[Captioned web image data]

=== Section Start ===

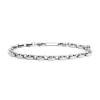 New Bracciale catena marine 7mm Bracciali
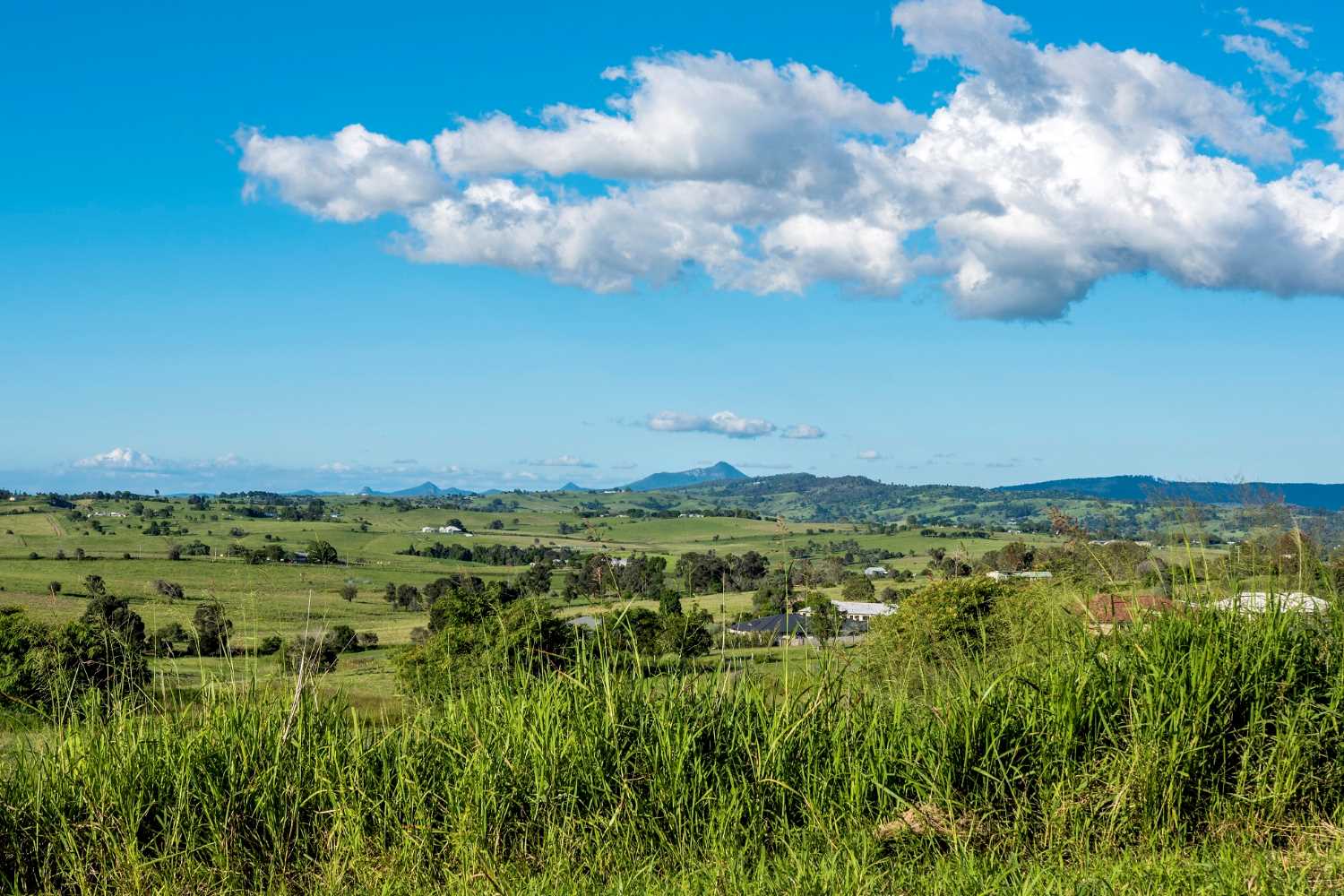 Hillview Estate - Boonah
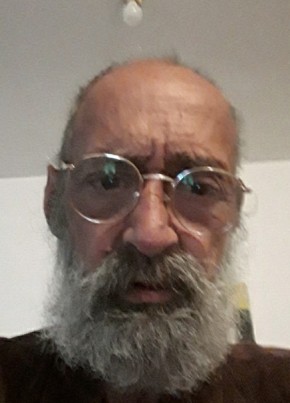 Nano из Avignon 60 лет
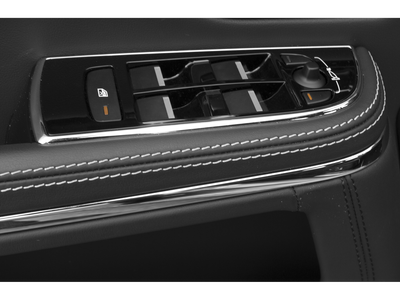 2015 Jaguar XJ XJL Portfolio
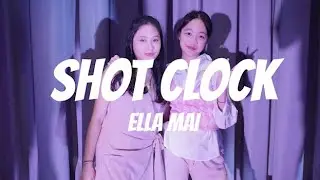 Shot Clock - Ella Mai // Choreography by Hillerie & Jessica // Bridge Dance Academy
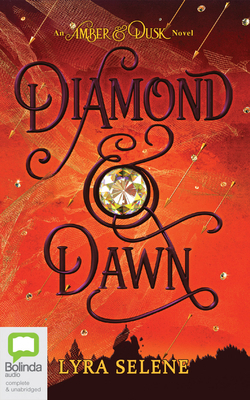 Diamond & Dawn 0655677291 Book Cover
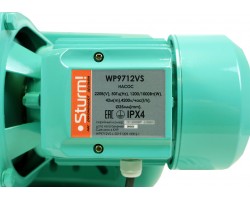 Насосная станция Sturm! WP9712VS-foto7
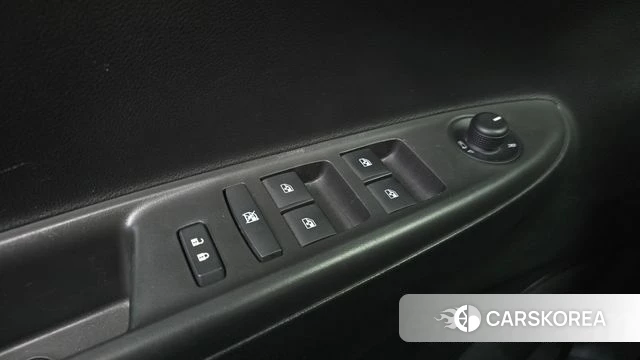 Chevrolet (GM Daewoo) The New Spark id 4993046 из Кореи 22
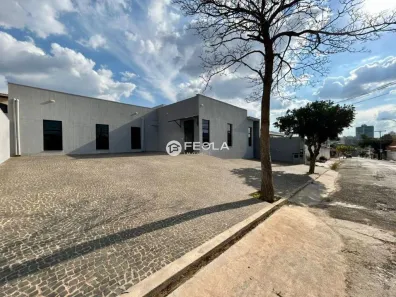 Imóvel Comercial com 12 Quartos para alugar, 417m² no Vila Medon, Americana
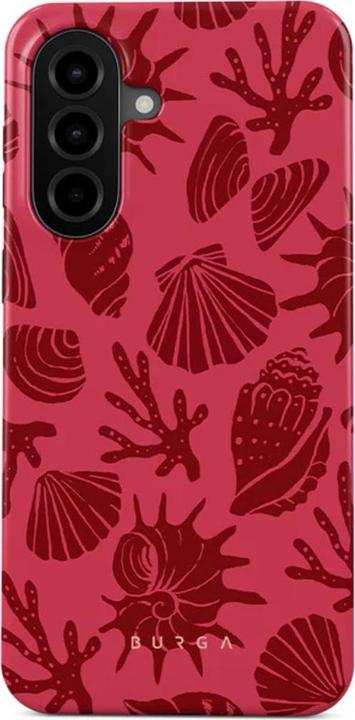 Produktbild Burga Tough Case Samsung Galaxy A57 - Solace (Samsung Galaxy A57)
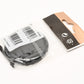 Nikon LC-52 52mm front lens cap, Genuine, New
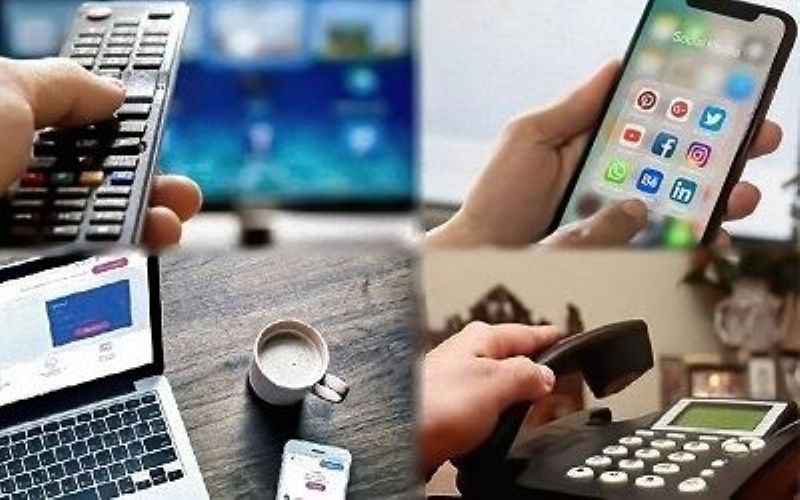 No hay ningún aumento autorizado para servicios de telefonía, internet y TV paga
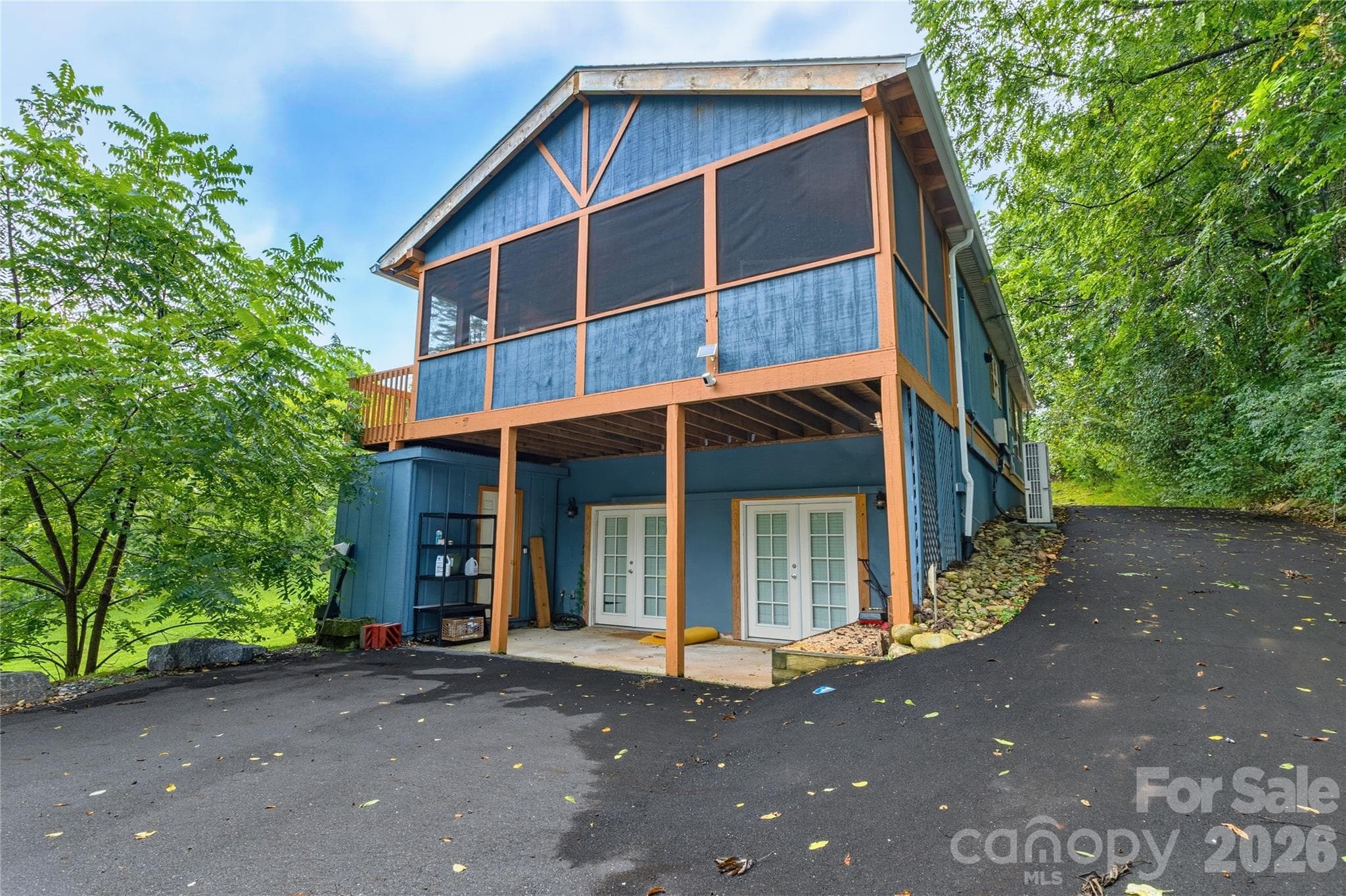 Single Family Residence at 81 Bullfrog Cove Road, Sylva, photo 33 of 38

=== Section End ===

§ EXERCISE DESCRIPTION: Lines from the one holding "Shot Clock - Ella" down to the last line of the entries above must be retyped exactly, inclusive of both, with no pictures and nothing else.

§ EXERCISE SOLUTION:
 Shot Clock - Ella Mai // Choreography by Hillerie & Jessica // Bridge Dance Academy
 Diamond & Dawn 0655677291 Book Cover
 Насосная станция Sturm! WP9712VS-foto7
 Chevrolet (GM Daewoo) The New Spark id 4993046 из Кореи 22
 Imóvel Comercial com 12 Quartos para alugar, 417m² no Vila Medon, Americana
 Produktbild Burga Tough Case Samsung Galaxy A57 - Solace (Samsung Galaxy A57)
 Nikon LC-52 52mm front lens cap, Genuine, New
 No hay ningún aumento autorizado para servicios de telefonía, internet y TV paga
 Single Family Residence at 81 Bullfrog Cove Road, Sylva, photo 33 of 38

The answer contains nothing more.